Published 12/05/2023, 12:28 PM
Updated 12/05/2023, 12:41 PM
© Reuters. FILE PHOTO: Bottles of alcoholic drinks are displayed at the Sausalitos bar in Munich, Germany, June 21, 2022. REUTERS/Lukas Barth/File Photo

LONDON (Reuters) - The World Health Organisation urged governments on Tuesday to increase taxes on alcoholic drinks and impose them on products that are currently exempt, such as wine in some European countries.
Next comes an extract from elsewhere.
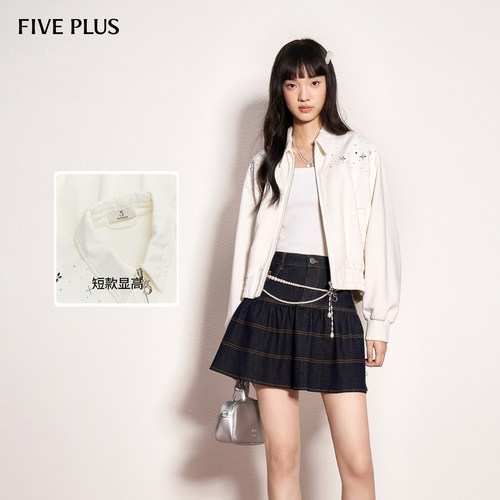 FivePlus短款飞行夹克外套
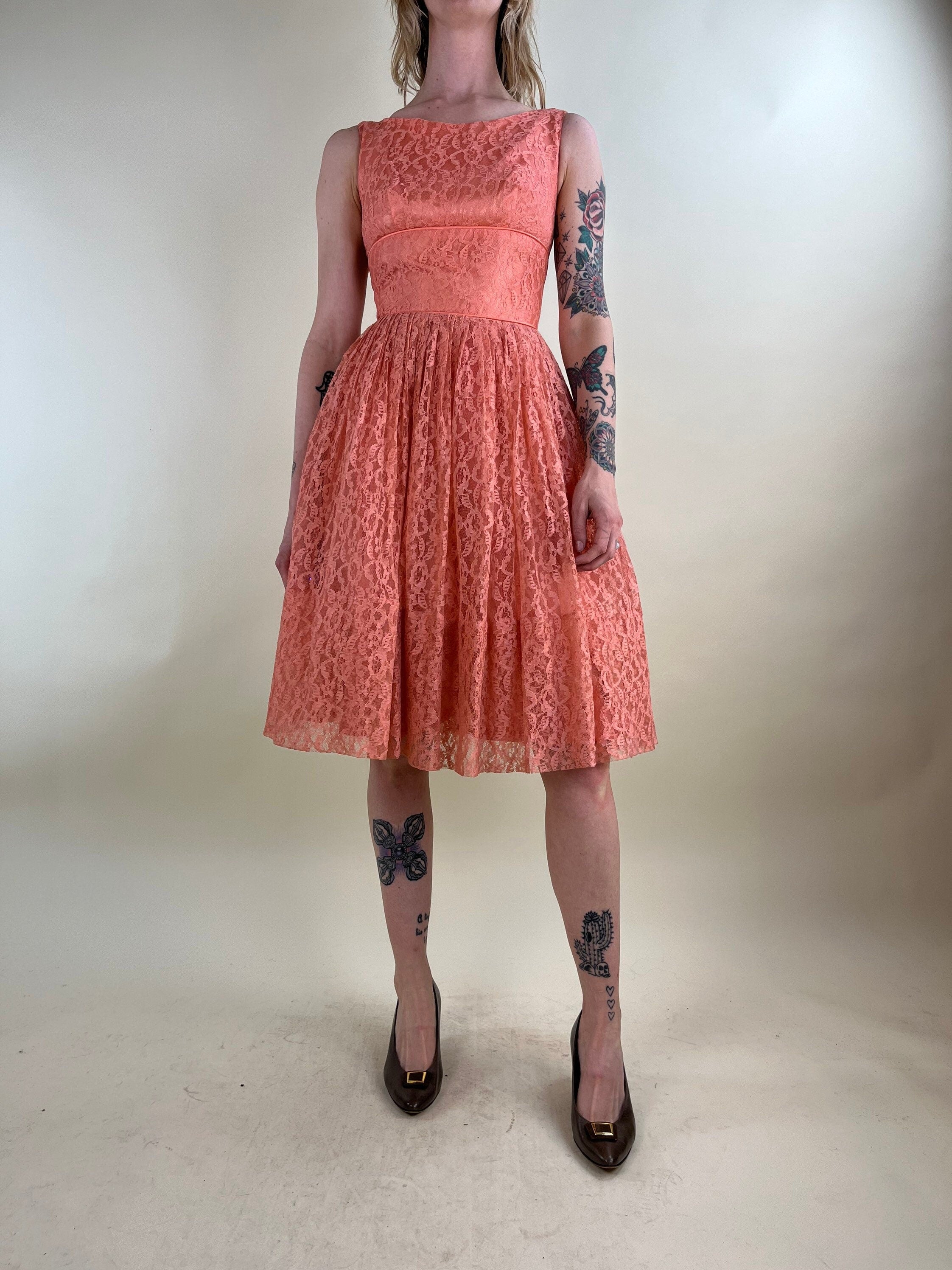 Coral 2024 tea dress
Sugary beverages should also be taxed at higher rates, the WHO said, adding that every year 2.6 million people die from drinking alcohol and 8 million people die due to unhealthy diets.

Rudiger Krech, director of health promotion at the WHO, said taxing such products at a higher rate creates healthier populations.
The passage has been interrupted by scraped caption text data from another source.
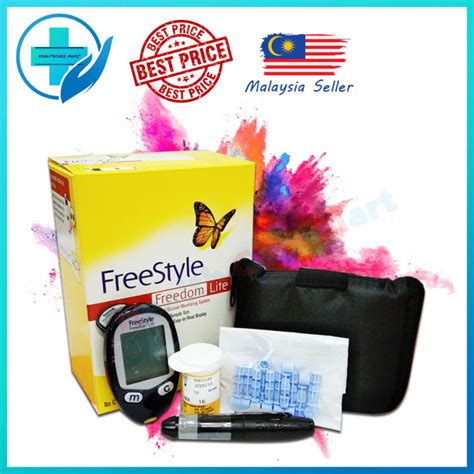 FreeStyle Freedom Lite Glucometer Blood Glucose Meter With 10s Strip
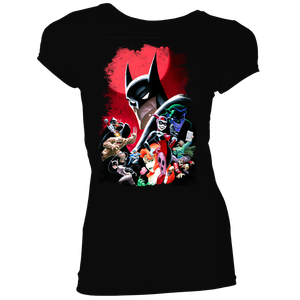 [Batman: The Animated Series: Women's Fit T-Shirt: Villains (Product Image)]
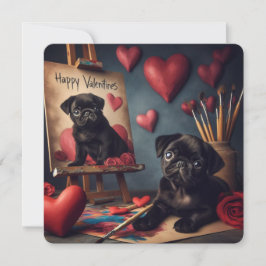 Valentinstag-Flachkarte Feiertagskarte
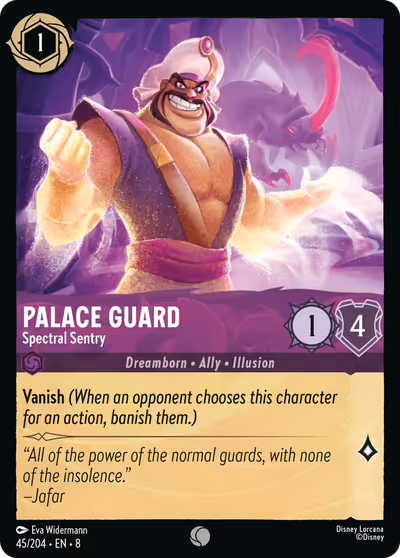 Palace Guard - Spectral Sentry #45 — Reign of Jafar (Common) · Disney Lorcana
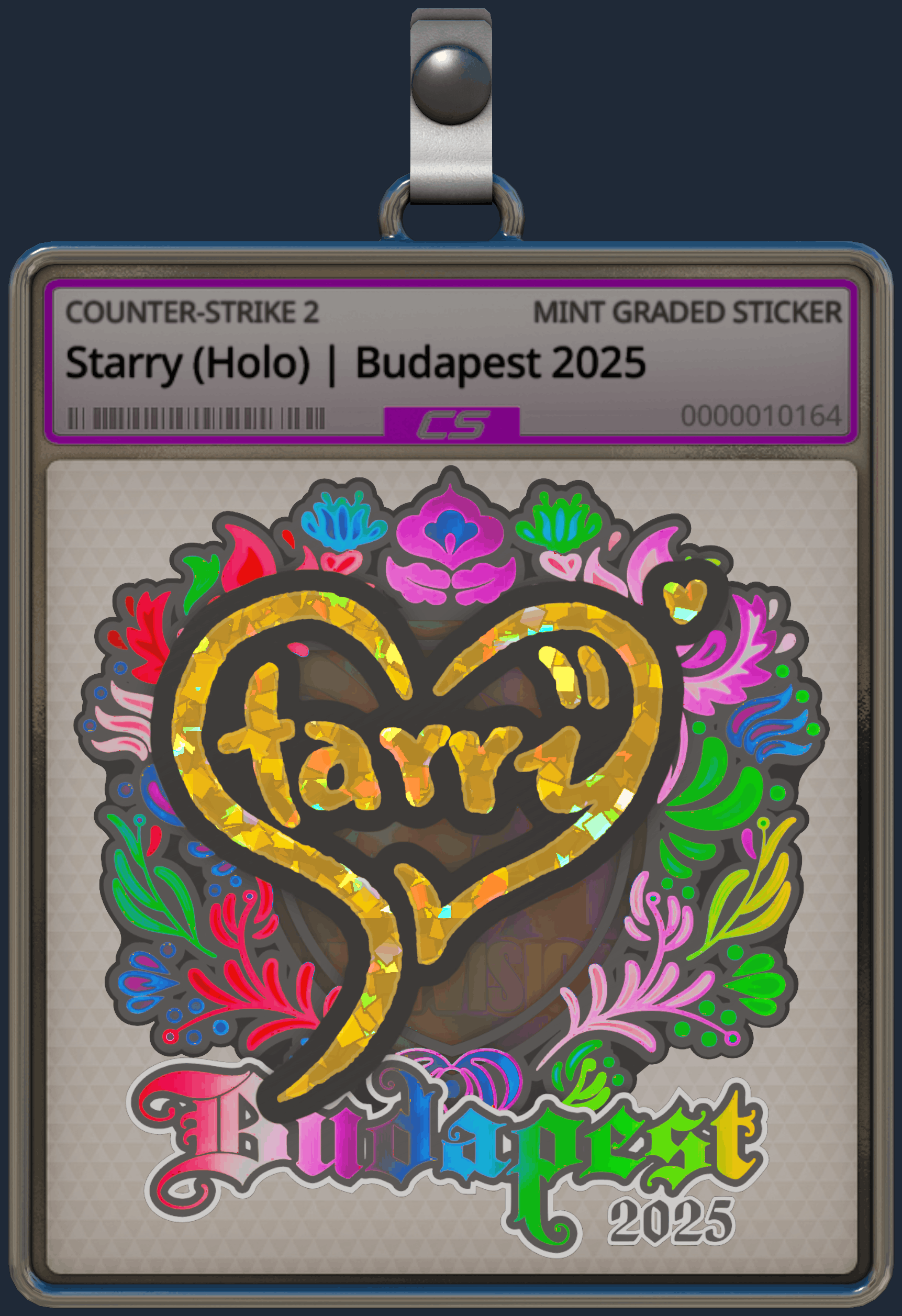 Sticker | Starry (Holo) | Budapest 2025 Image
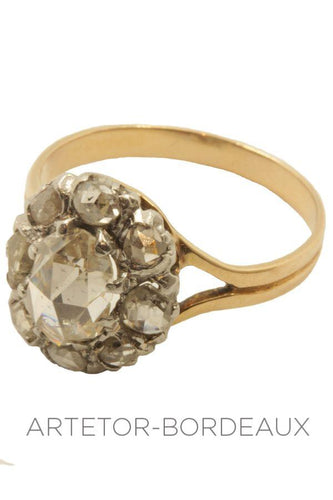 Bague Bague ancienne diamants 58 Facettes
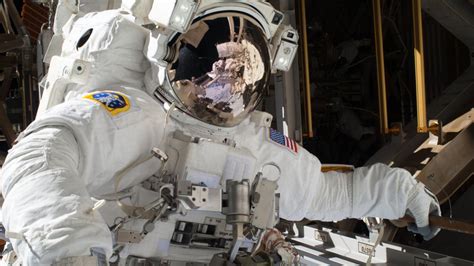 Nasa Astronauts Step Out On Christmas Eve Spacewalk The Hindu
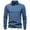 Dark Blue, variant on Lmnyox Men's Thermal Tops Long Sleeve Half Zip Stand Collar Shirts Fall Winter Solid Fashion T Shirts
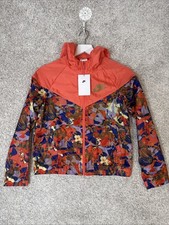 Nike Big Girls' Sportswear Windrunner Printed Jacket large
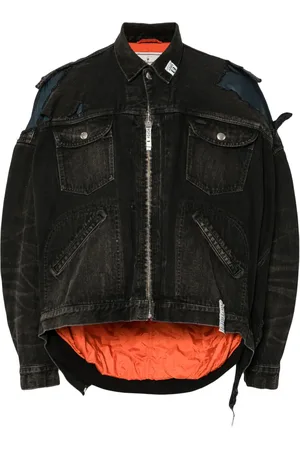 Maison Mihara Yasuhiro Layered denim jacket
"It has a positive ripple effect across society - less disease and debilitation and revenue for governments to provide public services," Krech continued, adding that in the case of alcohol it also helps prevent violence and road traffic injuries.

Public health organisations like the WHO are increasingly turning their attention to the health impact of products like alcohol and sugary food, after making significant gains in highlighting the death and disease caused by cigarettes.

The WHO also released an "alcohol tax manual" on Tuesday to accompany similar documents targeting tobacco and sugar sweetened beverages.

It says that most alcohol taxes are "low and not optimally designed" and that wine is not taxed at all in 22 countries, mostly in Europe, calling on governments to introduce higher rates and tax all kinds of alcohol.

© Reuters. FILE PHOTO: Bottles of alcoholic drinks are displayed at the Sausalitos bar in Munich, Germany, June 21, 2022. REUTERS/Lukas Barth/File Photo

Drinking alcohol is a causal factor in more than 200 disease and injury conditions, including some cancers, liver cirrhosis and cardiovascular diseases, according to the WHO.

Alcohol industry associations say that higher levies lead to reduced sales and lower tax revenues, while threatening some businesses' survival.